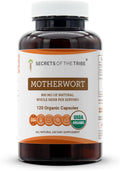 Secrets of the Tribe Motherwort USDA Organic Capsules | Cápsulas Vegetarianas Ecológicas Certificadas | Leonurus Cardiaca Hierba Seca (120 Cápsulas)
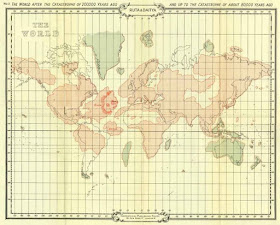 Mapa Atlantida e Lemuria a 80 mil anos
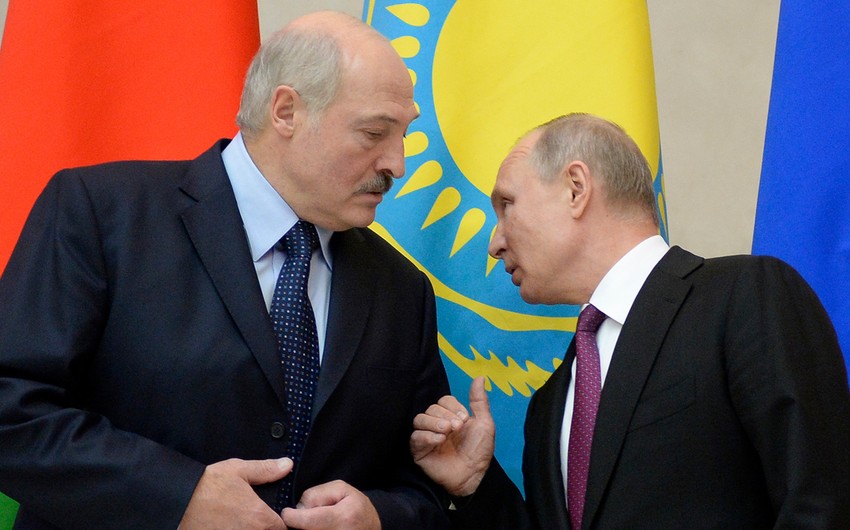 Putin və Lukaşenko  -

→ **TASK DIRECTIONS**: It would help to have the listing above repeated exactly, with all images removed.

→ **FINAL ANSWER**:
 Secrets of the Tribe Motherwort USDA Organic Capsules | Cápsulas Vegetarianas Ecológicas Certificadas | Leonurus Cardiaca Hierba Seca (120 Cápsulas)
 Mapa Atlantida e Lemuria a 80 mil anos
 Putin və Lukaşenko  -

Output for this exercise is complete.